It was coined during Ronan McConville's event, "UX Today & Tomorrow" hosted by Morgan McKinnley in Dublin on September 7th, 2017. Ronan's panel comprised Kelly Link, Phil Dwyer, Claire Bauden, and John Wood.
UX Maturity is difficult to define. Do you know the signs..?
Even "UX mature" organisations set graphic design and art direction "UI" recruitment assessments to find their UX Designers.
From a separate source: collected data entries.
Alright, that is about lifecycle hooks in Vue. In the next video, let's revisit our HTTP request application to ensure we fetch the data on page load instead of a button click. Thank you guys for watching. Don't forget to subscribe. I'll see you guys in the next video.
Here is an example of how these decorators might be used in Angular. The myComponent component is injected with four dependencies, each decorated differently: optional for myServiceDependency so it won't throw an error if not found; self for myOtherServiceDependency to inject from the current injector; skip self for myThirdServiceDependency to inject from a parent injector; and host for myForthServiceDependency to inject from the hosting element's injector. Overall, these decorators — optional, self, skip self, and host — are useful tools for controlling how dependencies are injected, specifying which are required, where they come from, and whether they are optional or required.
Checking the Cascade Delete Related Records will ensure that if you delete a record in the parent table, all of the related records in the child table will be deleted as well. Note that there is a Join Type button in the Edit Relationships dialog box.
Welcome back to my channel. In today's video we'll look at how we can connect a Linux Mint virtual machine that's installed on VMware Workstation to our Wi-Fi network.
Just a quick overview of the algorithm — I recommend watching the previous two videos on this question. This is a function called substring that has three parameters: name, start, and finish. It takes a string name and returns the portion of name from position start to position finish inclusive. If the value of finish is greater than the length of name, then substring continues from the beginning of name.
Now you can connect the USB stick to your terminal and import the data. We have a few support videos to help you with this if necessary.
Are the "lunatics" running your "asylum", too?
It seems clear that an enterprise's UX maturity depends on what "flavour" of designer they specify to recruit, or promote to lead positions:
- Flavour A: a 100% User Experience (UX) and User Interface (UI) designer who understands the importance of great visual design.
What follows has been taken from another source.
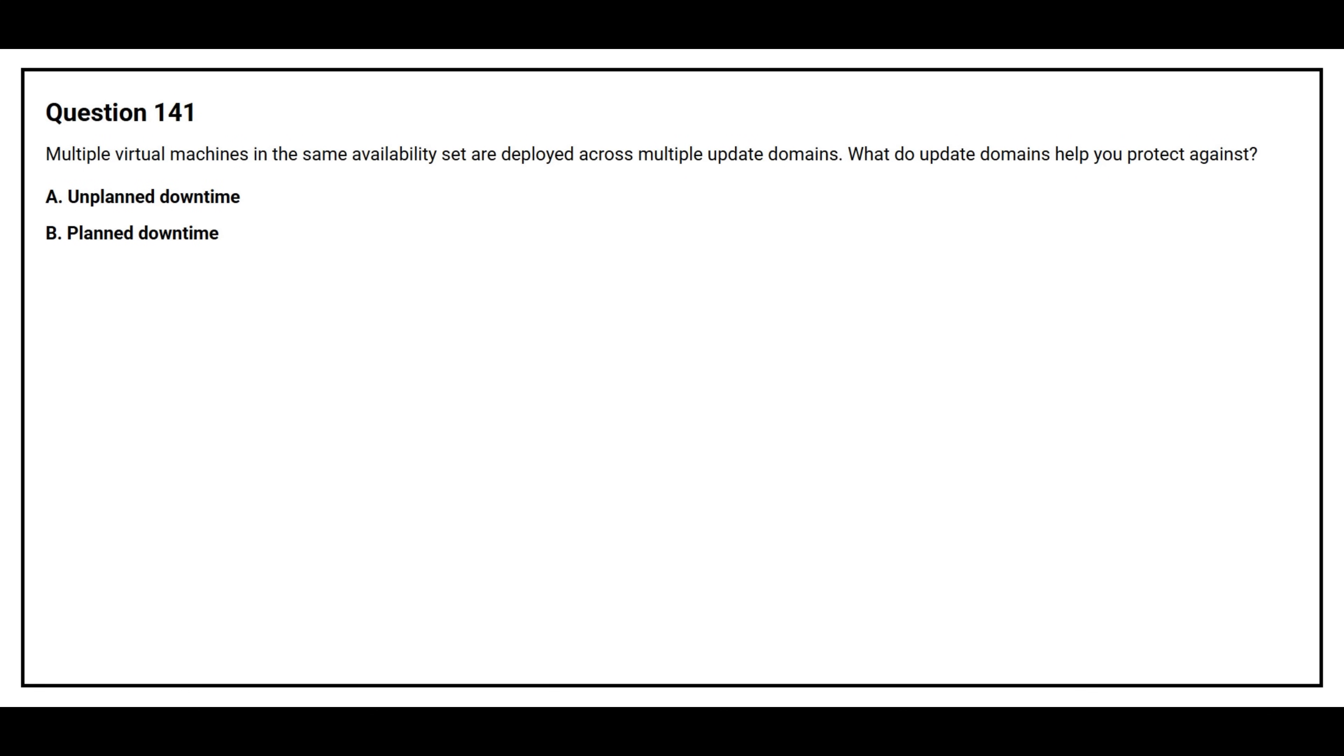Question number 141. Multiple virtual machines in the same availability set are deployed across multiple update domains. What do update domains help you protect against?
- Flavour B: a 50% User Experience (UX) and 50% graphic design talent and art director ("UI").
I recommend flavour A: the UX and UI designer an enterprise needs to help grow their UX maturity.
If an enterprise wants Flavour B then maybe they believe in "unicorns", don't understand what User Experience is, or restrict the resources needed to assure their UX maturity and success?
What do UX and UI Designers do?
Our digital and recruitment industries cannot define what a Universal, User Experience, or User Interface designer do, yet alone agree on whether we are designers or architects, etc. The whole role is confused across the employment landscape.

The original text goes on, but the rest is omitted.